Roy’s deliberate endeavor is liable to legal proceedings under the India laws but it seems that the anti-Muslim stance of current regime in India will hardly book Mr Roy under law. It is pertinent to mention here that Article 19 of Indian Constitution gives all citizens the right to freedom of speech and expression subject to “reasonable restrictions” for preserving inter alia public order, decency or morality. According to Section 153A of the Indian penal code hatred or ill-will between different religious groups which disturbs or is likely to disturb the public tranquility shall be punished with imprisonment which may extend to three years, or with fine or with both. Evidently, the Roy’s rhetoric carries no meaning other than the expression of hatred for Muslims and in circumstances in which such communication is likely to provoke violence.

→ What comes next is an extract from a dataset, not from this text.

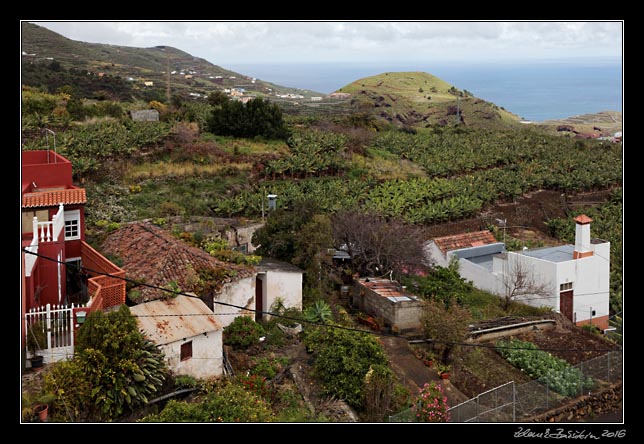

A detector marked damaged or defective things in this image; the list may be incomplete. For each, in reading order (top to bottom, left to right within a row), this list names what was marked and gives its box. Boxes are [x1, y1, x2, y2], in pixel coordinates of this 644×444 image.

rusty metal roof [22, 187, 87, 208]
rusty metal roof [432, 229, 498, 253]
rusty metal roof [130, 296, 221, 346]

Indian media is now highlighting the news of how the businessman has apologized for the “unintentionally hurting religious sentiments” through his poem, which spewed venom about Muslims. It is deplorable that negative stereotypes about Muslims are framing them as inferior and less worthy of respect, thus expressing this notion through propaganda filled with hate. The reason why negative stereotypes and Islamophobia occur in India is because of the system of oppression- discriminatory structure, institutions, and norms deeply embedded in the fabric of the society, or when group identity is affirmed, through a distinction between “us” and “them”. Stereotypes are the ways of reinforcing an identity or an “ism” to give higher identity to “our” group or “their”. The BJP led government in India has stretched a clear line between the Hindus and Non-Hindus and marginalized the minorities particularly its largest Muslim minority.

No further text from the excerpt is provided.